BEGIN Data for this exercise
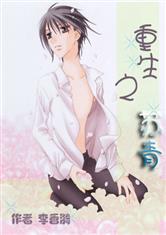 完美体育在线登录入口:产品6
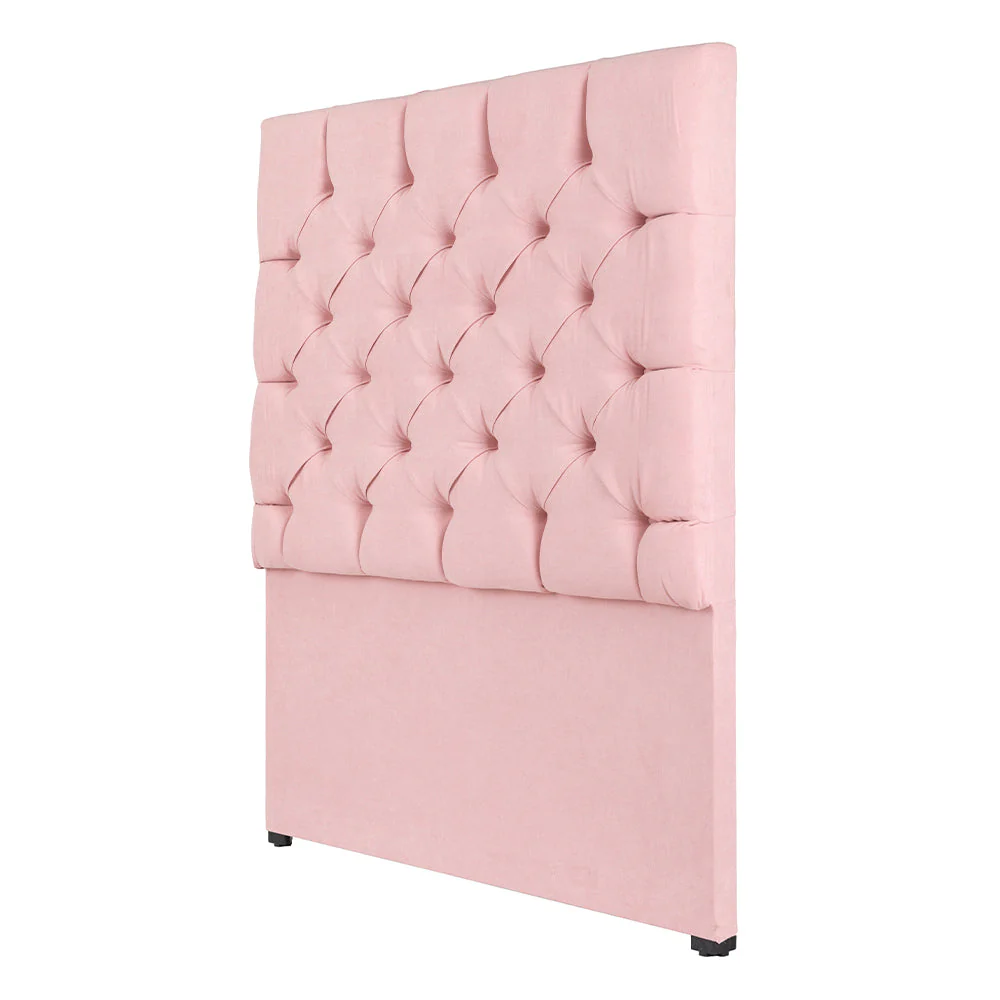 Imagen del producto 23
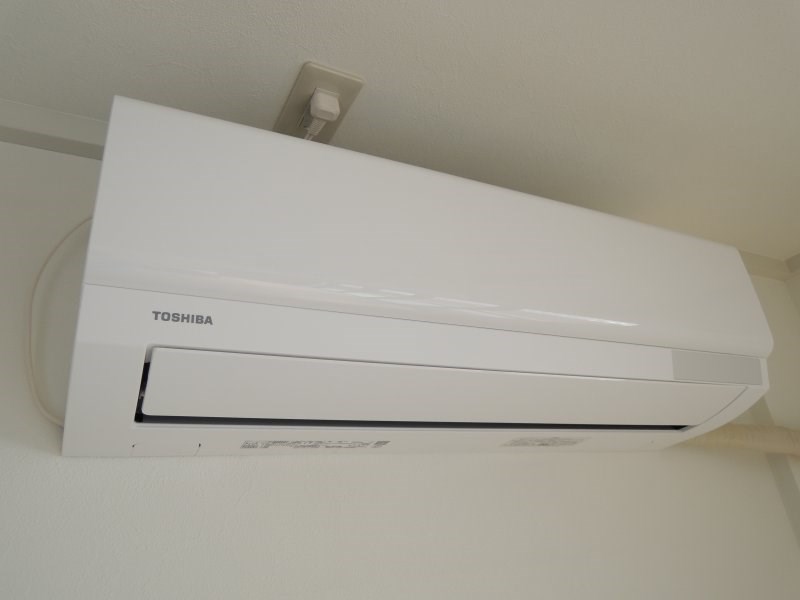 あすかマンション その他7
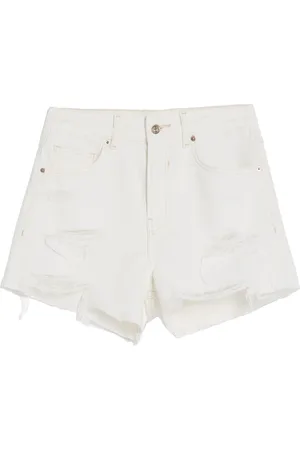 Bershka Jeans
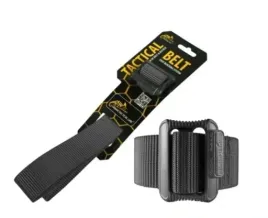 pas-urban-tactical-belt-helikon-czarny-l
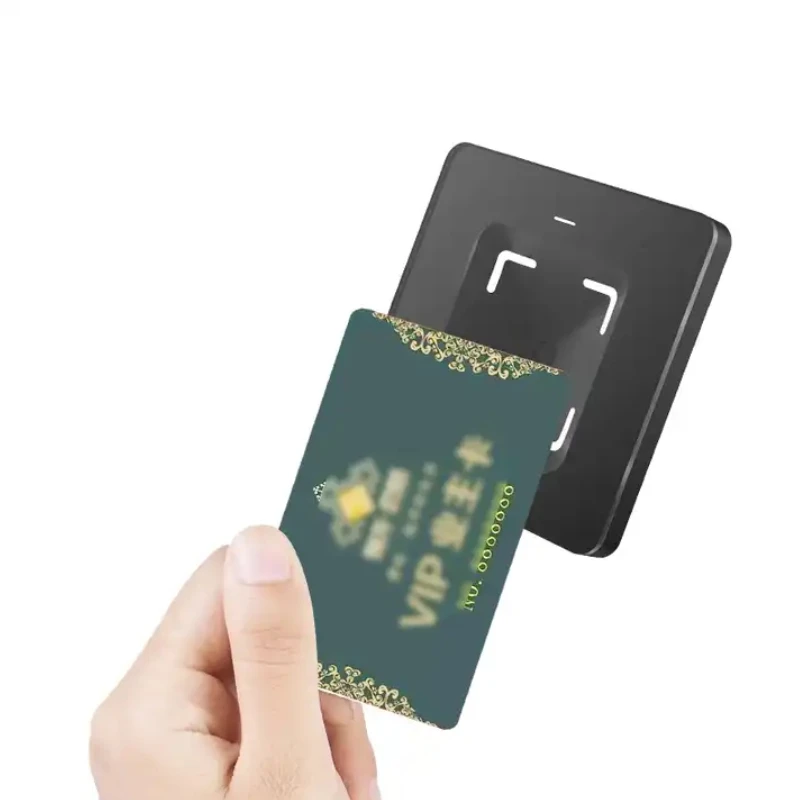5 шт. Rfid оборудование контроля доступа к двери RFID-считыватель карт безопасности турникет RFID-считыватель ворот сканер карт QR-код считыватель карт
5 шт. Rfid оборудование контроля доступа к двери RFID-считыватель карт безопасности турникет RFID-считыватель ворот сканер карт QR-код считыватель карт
END Data for this exercise
▶ [Instructions for the task]: Your output should be the lines from the line containing "Imagen del producto 23" through the last line of the listing above, restated exactly, with no pictures among them.

▶ [Written response]:
 Imagen del producto 23
 あすかマンション その他7
 Bershka Jeans
 pas-urban-tactical-belt-helikon-czarny-l
5 шт. Rfid оборудование контроля доступа к двери RFID-считыватель карт безопасности турникет RFID-считыватель ворот сканер карт QR-код считыватель карт
5 шт. Rfid оборудование контроля доступа к двери RFID-считыватель карт безопасности турникет RFID-считыватель ворот сканер карт QR-код считыватель карт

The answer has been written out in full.